■ Work task:
Skip the pictures. Retype exactly, and only, the lines between the line holding "Beautiful Rivers —" and the last line below, inclusive.
··· Data
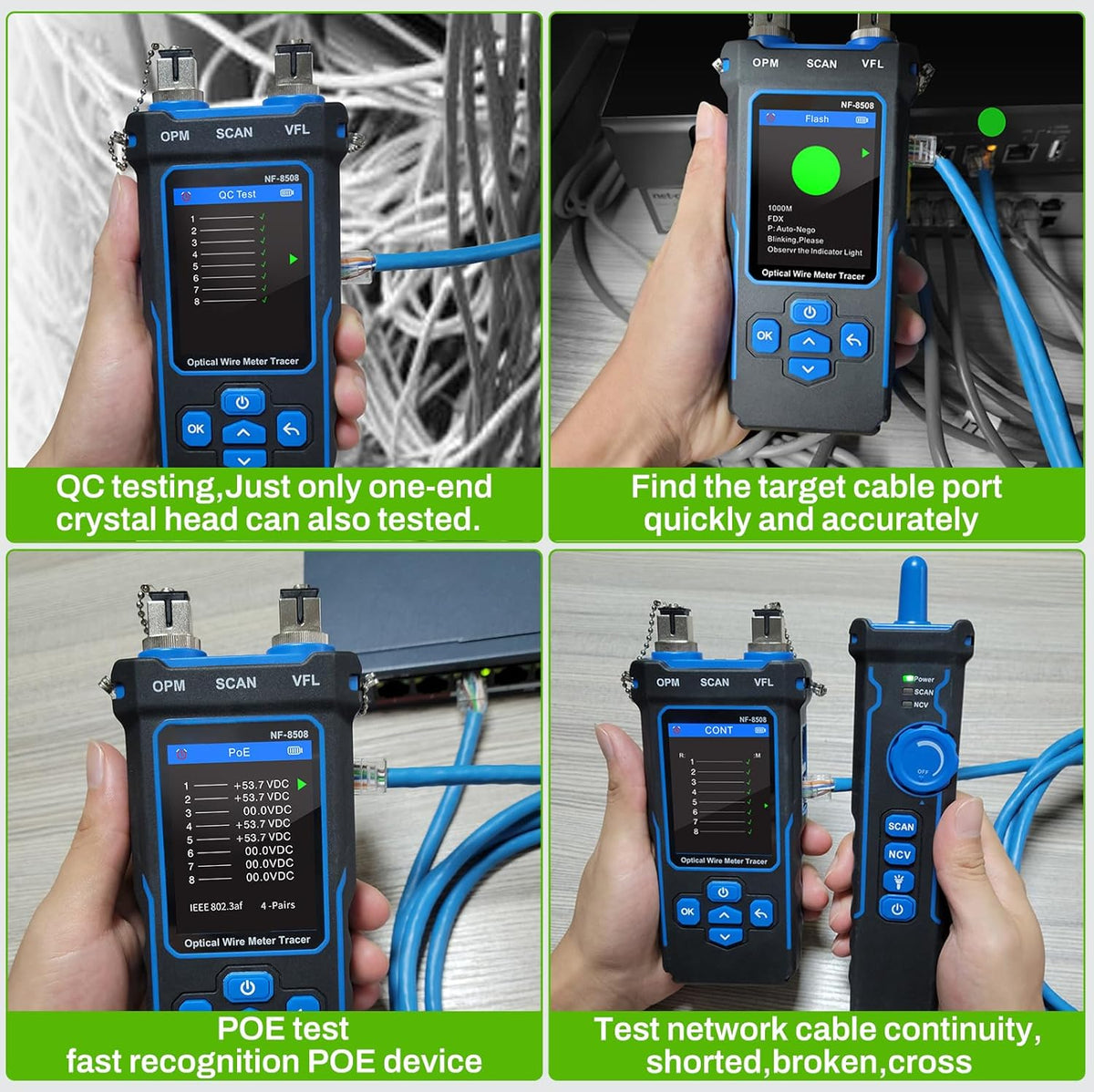 Netwerktester LAN tester met optische vermogensmeter CAT5 CAT6 netwerkkabeltester RJ11 RJ45 ethernet tester kabeltracking met NCV, poort flash, type C laadondersteuning.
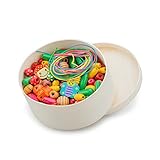 new classic toys-10570 new classic toys- wooden lacing beads-100 gram, multicolore, perline piccole-230 pezzi, 10570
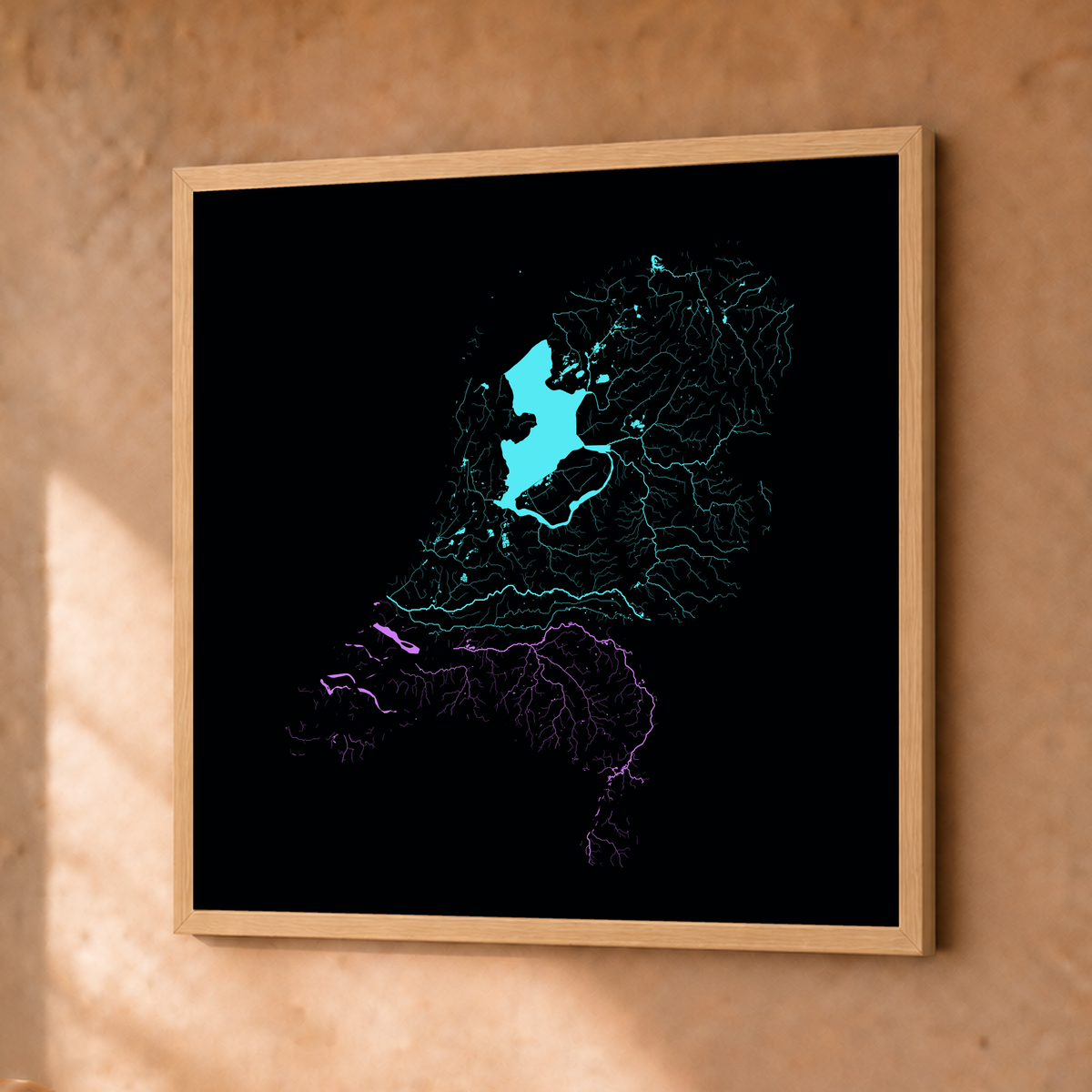 Beautiful Rivers — Países Baixos — Neon hidrográfico, Fine art emoldurado · 30 × 30 cm, Natural · Sem margem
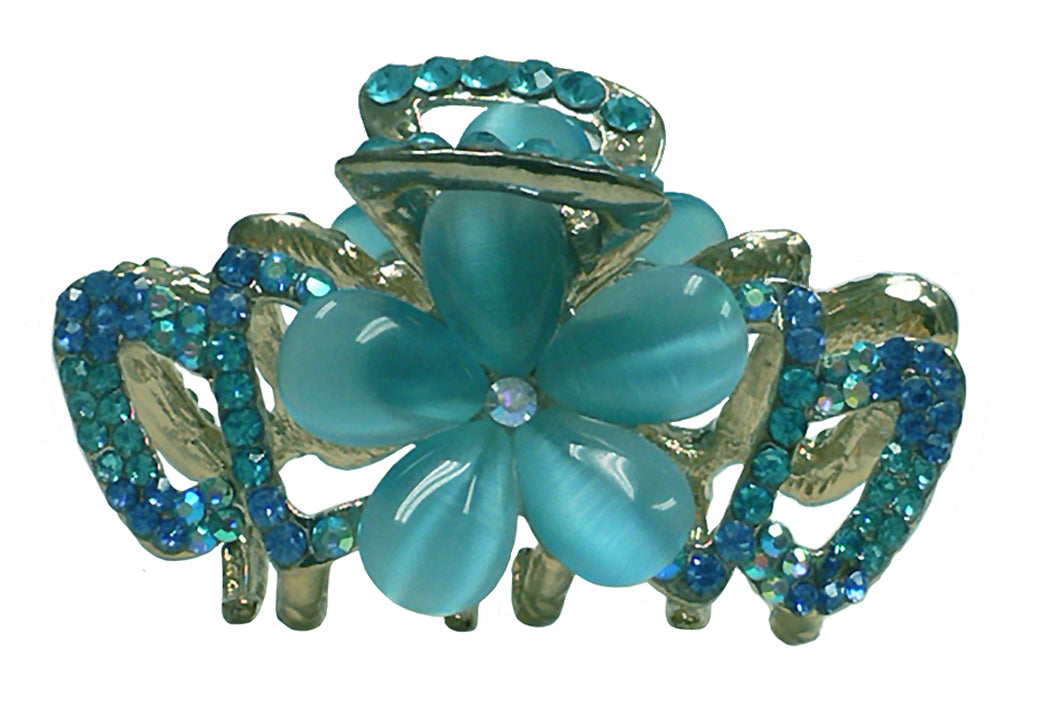Aqua flower hair claw with crystal and opal bead details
······
■ The completed task:
 Beautiful Rivers — Países Baixos — Neon hidrográfico, Fine art emoldurado · 30 × 30 cm, Natural · Sem margem
Aqua flower hair claw with crystal and opal bead details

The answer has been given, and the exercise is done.